Marinheiros acusados de lançarem clandestino ao mar no Paraná responderão por tentativa de homicídio
A Justiça Federal de Paranaguá (98 km de Curitiba) aceitou parcialmente a denúncia contra os 19 tripulantes de nacionalidades turca e georgiana do navio Seref Kuru acusados pelo Ministério Público Federal de torturar e atirar ao mar o camaronês Wilfred Happy Ondobo, 28, a cerca de 15 km da costa paranaense. O crime aconteceu em junho deste ano.
Em despacho proferido nesta quinta-feira (16), o juiz federal Vicente de Paula Ataíde Júnior decidiu que o capitão do navio, Coskun Çavdar, e os marinheiros Orhan Satilmis, Ihsan Sonmezocak, Mamuka Kirkitadze, Zafer Yildirim e Ramazan Ozdamar irão responder por tentativa de homicídio qualificada. Com isso, podem ir a júri popular.

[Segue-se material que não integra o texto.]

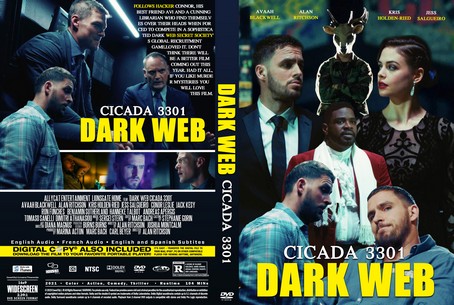 Dark Web Cicada 3301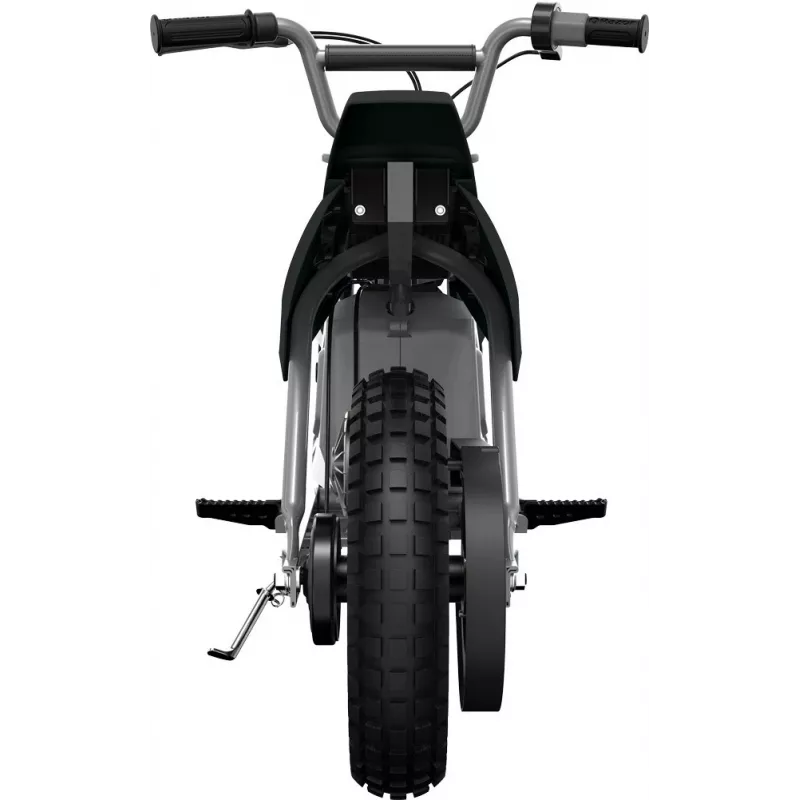 RAZOR Motor MX350 Dirt - mustad kleebised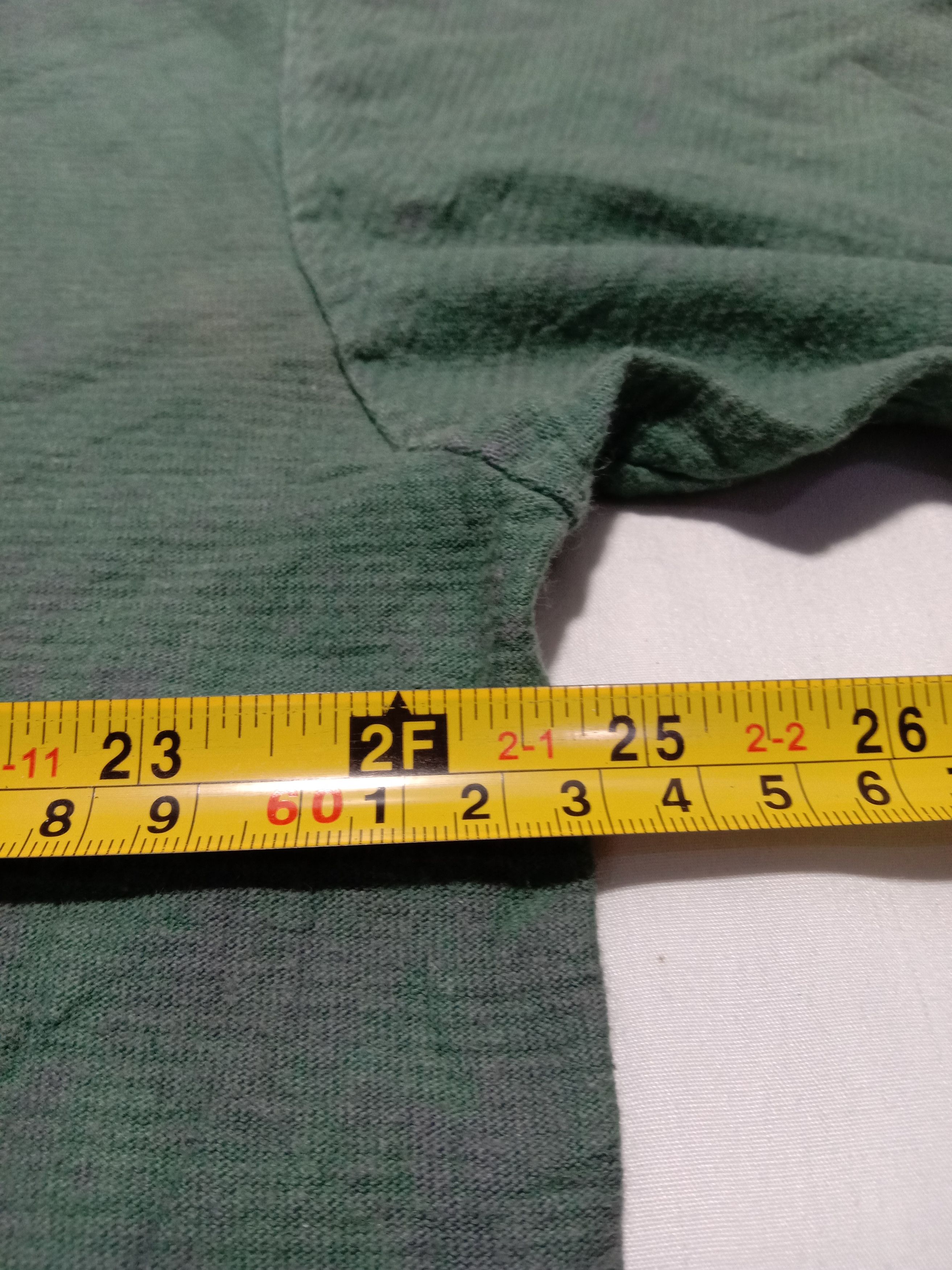 Vintage Vintage ONEITA T Shirt Made in USA 'People Tools' Size US XL / EU 56 / 4 - 6 Thumbnail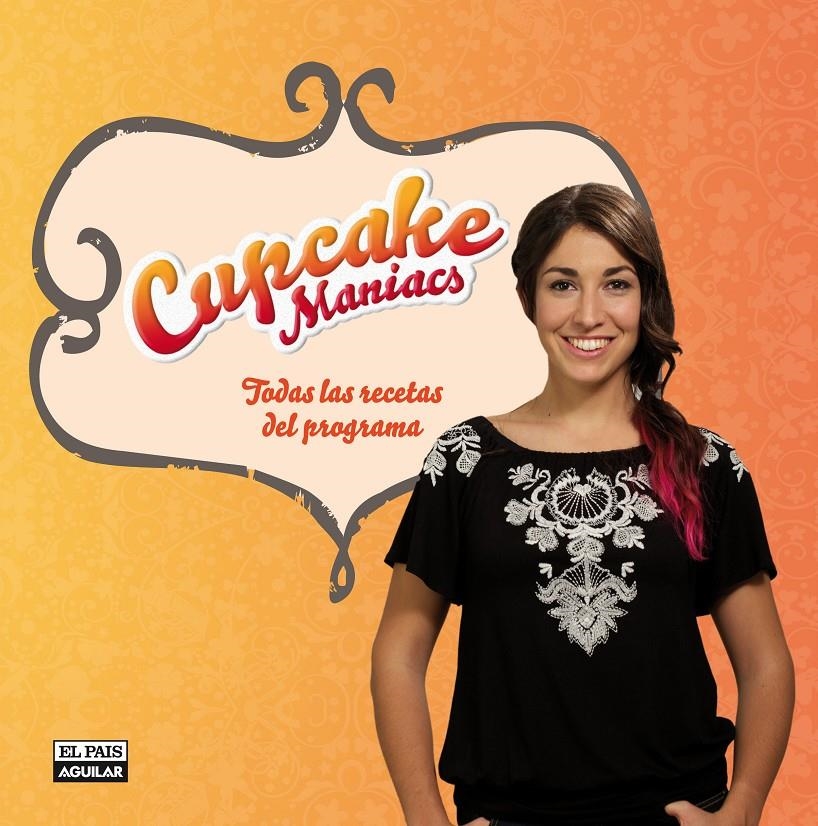 CUPCAKE MANIACS | 9788403513723 | OBREGON FERNANDEZ, ALMA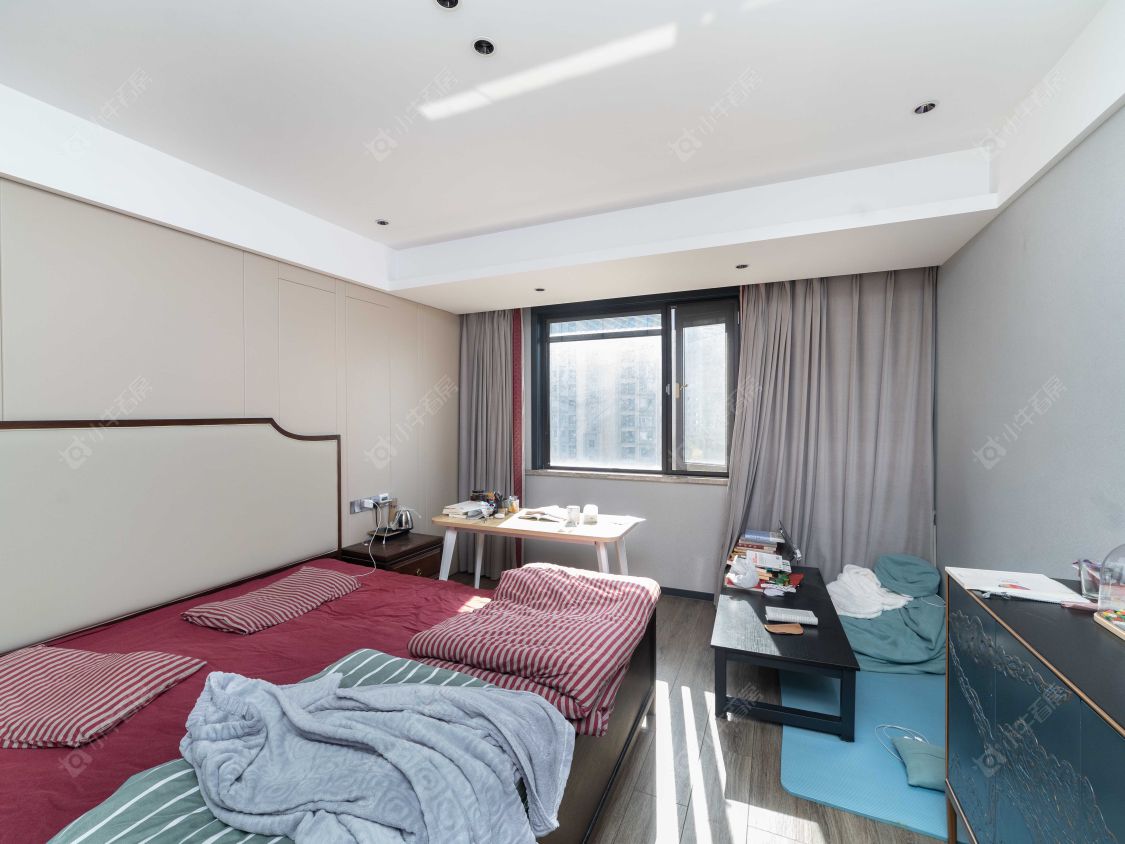 新城郡未来房源室内图 常州新城郡未来在售二手房源室内图_小牛看房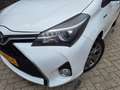 Toyota Yaris 1.5 Hybrid Dynamic | LM Velgen | Cruise- control | Wit - thumbnail 16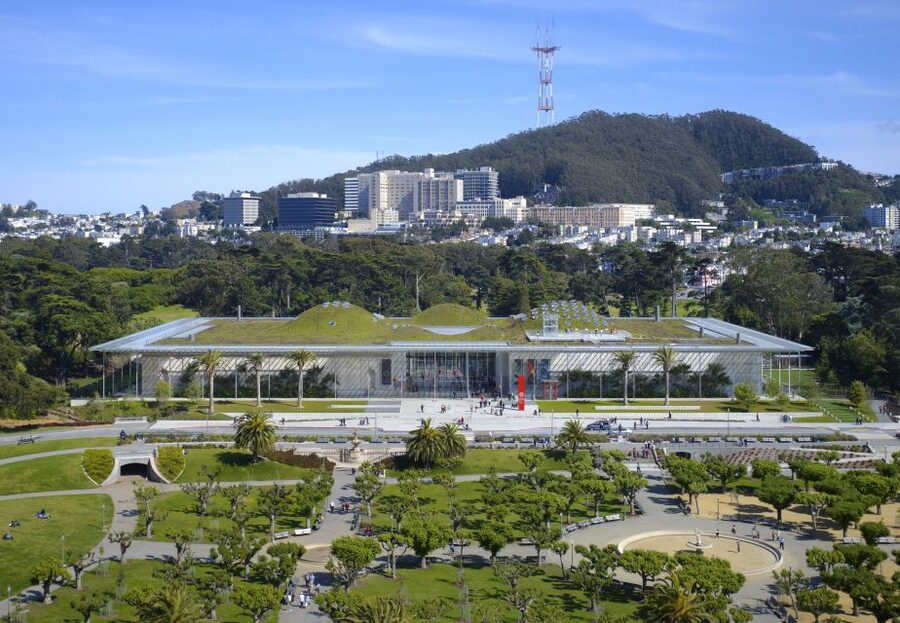 San Francisco CityPASS®: Save 46% at 4 Top Attractions - Choosing the second extra: Exploratorium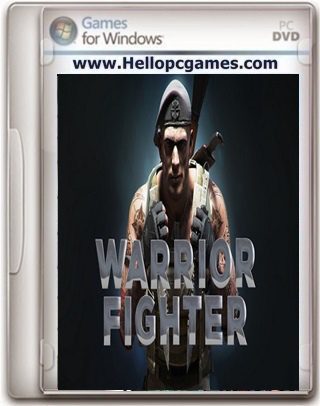 Warrior Fighter game Free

O juiz também acatou as denúncias contra o Çavdar e Satilmis por tortura. O marinheiro, identificado por Ondobo como seu principal agressor, também irá responder por crime de racismo.
Os demais 13 tripulantes, que não participaram diretamente do crime, tiveram a denúncia contra eles rejeitada pelo juiz, que apesar disso reconheceu que eles tinham o “dever moral e humanitário” de evitar a tentativa de homicídio do camaronês.
“Segundo a denúncia, eles devem ser considerados partícipes da tentativa de homicídio em razão da sua omissão penalmente relevante, sem a qual o resultado não teria ocorrido”, anotou o magistrado na decisão.
“Certamente que esses membros da tripulação tinham o dever moral e humanitário de envidar esforços junto aos demais tripulantes e, em especial, junto ao capitão do navio, para que Ondobo não fosse lançado ao mar desprotegido e em situação que pudesse comprometer-lhe a vida. Mas, pela legislação brasileira, eles não tinham o dever legal, pelo que sua omissão não recebe reprovação penal.”
Com isso, os 13 estão autorizados a deixar o país. Já os seis tripulantes agora transformados em réus da ação penal, têm dez dias de prazo para apresentar defesa por escrito à Justiça.
“Para viabilizar a citação, proceda-se, com urgência, à tradução da denúncia e do mandado de citação. O Oficial de Justiça encarregado da citação deverá se fazer acompanhar por intérprete, para possibilitar a leitura do mandado”, determinou o juiz.
Além dos réus, a decisão também determina a citação de consulados e embaixadas dos países de origens deles. O capitão Çavdar e os cinco marinheiros devem permanecer em Paranaguá, sob vigilância de uma empresa privada, custeada pela agência marítima que contratou o Seref Kuru.
Se considerados culpados, podem ser condenados a até 20 anos de prisão, pelo crime de tentativa de homicídio, a até oito anos, por tortura, e a até três anos e multa, por racismo. Nesse caso, deverão cumprir pena no Brasil.
O caso
Ondobo disse às autoridades brasileiras que entrou clandestinamente no navio no porto de Douala, nos Camarões, no dia 13 de junho. Dias depois, sem água e comida, resolveu se entregar a tripulação.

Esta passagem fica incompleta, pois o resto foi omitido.